Anonymous wrote:1.) Don't serve alcohol
2.) If you do serve and she overdoes it, just say in a flat, unemotional voice in front of everyone, do you realize you have had 9 (fill in the blank) drinks and everyone else has had 1 or 2?

Anonymous wrote:Anonymous wrote:Dry holidays. She’ll be too bored and shaky to stay up.
You really can’t be this naive to think that an alcoholic won’t figure out how to bring/get their own liquor. My dad would visit with his own vodka and oj to drink at 6am.
Anonymous wrote:OP: She is my sister in law and is staying with us. Don’t want to keep my husband from his brother, but she ruins every trip. What do I say to her today? Pretend like nothing happened or tell her I’m concerned? Or tell her why I wasn’t interacting with her last night.
Anonymous wrote:Anonymous wrote:OP: What should I say tonight if she confronts me about avoiding her/not engaging? I think we are going to try to just get through this last night and make some adjustments about when we see her in the future. I just need a plan for what I say/do tonight. Should I say that I’m happy to discuss it in the morning, but I won’t be talking about it right now? Should I ask her husband in a nice way to intervene in the short term?
I would just walk away. And engage with the kids or take the cousins + kids out at that point.

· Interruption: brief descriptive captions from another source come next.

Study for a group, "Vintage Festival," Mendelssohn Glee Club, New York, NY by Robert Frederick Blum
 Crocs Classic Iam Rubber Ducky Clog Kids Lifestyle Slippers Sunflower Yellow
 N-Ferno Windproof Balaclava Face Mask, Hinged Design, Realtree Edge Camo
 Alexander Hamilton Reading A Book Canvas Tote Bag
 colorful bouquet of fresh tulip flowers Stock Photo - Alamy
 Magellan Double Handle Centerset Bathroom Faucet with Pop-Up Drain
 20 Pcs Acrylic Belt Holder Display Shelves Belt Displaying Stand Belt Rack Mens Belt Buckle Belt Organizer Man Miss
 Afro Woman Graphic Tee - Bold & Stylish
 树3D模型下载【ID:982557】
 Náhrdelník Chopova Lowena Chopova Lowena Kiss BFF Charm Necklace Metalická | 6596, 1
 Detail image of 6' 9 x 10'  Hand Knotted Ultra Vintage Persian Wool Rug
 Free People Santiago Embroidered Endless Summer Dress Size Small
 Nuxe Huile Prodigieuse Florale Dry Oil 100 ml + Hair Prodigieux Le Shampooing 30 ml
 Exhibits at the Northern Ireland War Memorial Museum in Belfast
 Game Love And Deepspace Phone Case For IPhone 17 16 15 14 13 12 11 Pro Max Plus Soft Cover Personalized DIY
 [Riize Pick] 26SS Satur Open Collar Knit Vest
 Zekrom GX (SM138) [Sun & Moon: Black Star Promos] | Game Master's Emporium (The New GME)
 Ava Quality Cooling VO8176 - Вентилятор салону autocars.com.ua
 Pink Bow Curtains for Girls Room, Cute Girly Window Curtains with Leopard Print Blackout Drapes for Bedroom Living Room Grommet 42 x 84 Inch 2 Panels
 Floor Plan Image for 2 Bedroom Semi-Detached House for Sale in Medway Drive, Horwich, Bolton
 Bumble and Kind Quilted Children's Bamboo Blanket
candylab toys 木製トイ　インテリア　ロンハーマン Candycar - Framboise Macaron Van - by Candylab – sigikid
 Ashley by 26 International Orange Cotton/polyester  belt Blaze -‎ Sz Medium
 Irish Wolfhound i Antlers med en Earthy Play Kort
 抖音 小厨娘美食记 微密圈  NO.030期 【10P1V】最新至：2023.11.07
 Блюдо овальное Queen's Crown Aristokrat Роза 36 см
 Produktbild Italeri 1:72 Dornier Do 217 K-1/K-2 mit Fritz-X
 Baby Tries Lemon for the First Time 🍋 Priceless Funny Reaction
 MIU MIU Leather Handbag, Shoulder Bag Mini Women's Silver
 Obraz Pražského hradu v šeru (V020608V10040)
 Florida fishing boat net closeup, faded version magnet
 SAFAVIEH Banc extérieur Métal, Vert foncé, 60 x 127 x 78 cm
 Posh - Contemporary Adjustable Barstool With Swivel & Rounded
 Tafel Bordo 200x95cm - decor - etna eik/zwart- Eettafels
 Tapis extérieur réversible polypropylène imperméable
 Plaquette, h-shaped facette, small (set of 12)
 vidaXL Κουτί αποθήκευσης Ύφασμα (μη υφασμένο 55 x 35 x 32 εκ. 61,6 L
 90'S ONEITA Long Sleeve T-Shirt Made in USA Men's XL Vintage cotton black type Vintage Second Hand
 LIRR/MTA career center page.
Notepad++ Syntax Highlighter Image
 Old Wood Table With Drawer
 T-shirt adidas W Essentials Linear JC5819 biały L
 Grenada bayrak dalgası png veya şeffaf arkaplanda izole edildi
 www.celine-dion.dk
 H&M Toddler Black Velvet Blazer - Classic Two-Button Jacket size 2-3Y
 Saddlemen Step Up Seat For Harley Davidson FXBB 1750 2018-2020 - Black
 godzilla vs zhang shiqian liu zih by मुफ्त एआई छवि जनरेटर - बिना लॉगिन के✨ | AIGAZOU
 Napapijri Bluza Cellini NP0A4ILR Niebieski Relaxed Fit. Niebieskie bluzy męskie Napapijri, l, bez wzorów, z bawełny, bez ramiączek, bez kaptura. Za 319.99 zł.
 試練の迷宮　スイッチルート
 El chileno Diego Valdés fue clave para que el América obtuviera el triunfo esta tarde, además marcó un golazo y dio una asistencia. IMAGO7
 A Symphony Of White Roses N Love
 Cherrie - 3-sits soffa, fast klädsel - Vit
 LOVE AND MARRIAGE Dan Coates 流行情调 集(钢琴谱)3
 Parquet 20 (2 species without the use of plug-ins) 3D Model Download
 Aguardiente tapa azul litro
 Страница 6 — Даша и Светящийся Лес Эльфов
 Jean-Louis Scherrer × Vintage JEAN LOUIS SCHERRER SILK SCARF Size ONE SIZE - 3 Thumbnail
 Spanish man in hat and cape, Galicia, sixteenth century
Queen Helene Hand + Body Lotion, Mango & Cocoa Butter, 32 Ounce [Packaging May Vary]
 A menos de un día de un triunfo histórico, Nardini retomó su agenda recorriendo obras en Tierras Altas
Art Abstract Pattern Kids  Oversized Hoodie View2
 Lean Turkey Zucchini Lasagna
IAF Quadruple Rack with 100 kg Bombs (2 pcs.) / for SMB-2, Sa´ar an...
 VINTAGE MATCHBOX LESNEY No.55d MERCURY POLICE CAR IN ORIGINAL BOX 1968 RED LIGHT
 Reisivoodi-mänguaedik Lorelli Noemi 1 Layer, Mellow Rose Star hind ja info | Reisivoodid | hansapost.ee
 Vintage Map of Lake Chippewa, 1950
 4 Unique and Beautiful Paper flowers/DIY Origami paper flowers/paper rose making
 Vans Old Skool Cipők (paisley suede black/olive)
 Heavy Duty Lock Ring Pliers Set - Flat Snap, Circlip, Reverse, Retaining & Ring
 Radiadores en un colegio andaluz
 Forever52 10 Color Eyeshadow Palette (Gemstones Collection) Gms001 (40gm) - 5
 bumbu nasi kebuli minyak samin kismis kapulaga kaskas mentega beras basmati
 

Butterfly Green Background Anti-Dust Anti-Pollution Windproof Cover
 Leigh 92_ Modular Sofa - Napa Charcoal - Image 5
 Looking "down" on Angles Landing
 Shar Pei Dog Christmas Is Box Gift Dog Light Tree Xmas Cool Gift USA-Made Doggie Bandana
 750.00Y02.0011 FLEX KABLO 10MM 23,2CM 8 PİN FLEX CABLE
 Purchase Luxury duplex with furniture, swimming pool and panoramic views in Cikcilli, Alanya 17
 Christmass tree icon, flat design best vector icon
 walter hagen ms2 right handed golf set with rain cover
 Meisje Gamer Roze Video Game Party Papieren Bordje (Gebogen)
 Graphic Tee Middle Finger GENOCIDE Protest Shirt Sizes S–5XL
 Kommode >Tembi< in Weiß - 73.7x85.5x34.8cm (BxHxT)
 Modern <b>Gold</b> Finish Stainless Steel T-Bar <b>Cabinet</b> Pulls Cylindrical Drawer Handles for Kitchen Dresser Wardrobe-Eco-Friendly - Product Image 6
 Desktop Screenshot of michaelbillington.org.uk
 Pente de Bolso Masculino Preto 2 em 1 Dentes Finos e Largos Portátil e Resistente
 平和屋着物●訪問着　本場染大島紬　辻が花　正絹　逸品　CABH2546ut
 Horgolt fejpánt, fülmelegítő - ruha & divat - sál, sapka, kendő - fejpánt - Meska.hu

It's not about words or info, OP.
You can control your reaction, you can control what experiences you give the kids.
I would not allow her to escalate and cause a scene. So just drop the rope. And no, triangulating BIL in is not great either. Model kind but firm non-engagement to the kids.
If you take the kids all out to a movie it will create a nice memory and you won't be there to fight with. Alkies LOVE to create scenes and drama and then play the victim. It hugely sucks for their kids. My extended family, who I only saw once or twice a year, had a HUGE impact on me and my ability to grow into a somewhat normal adult. Focus on the kids and controlling yourself, take the focus off SIL. Maybe the kids would like an escape room, or something else, make that plan, and just go. DH and BIL can hang out with SIL for an evening.
Anonymous wrote:OP: What should I say tonight if she confronts me about avoiding her/not engaging? I think we are going to try to just get through this last night and make some adjustments about when we see her in the future. I just need a plan for what I say/do tonight. Should I say that I’m happy to discuss it in the morning, but I won’t be talking about it right now? Should I ask her husband in a nice way to intervene in the short term?
Anonymous wrote:For the sake of her kids I’d try to keep a relationship. It’s really hard to grow up with an alcoholic parent. Can you drop them off at the movies or something when she starts to get out of hand? Anything to get them away from her and if all the teens are doing it together (ie teen only) then there’s no need for her to come along.
Anonymous wrote:Anonymous wrote:Dry holidays. She’ll be too bored and shaky to stay up.
You really can’t be this naive to think that an alcoholic won’t figure out how to bring/get their own liquor. My dad would visit with his own vodka and oj to drink at 6am.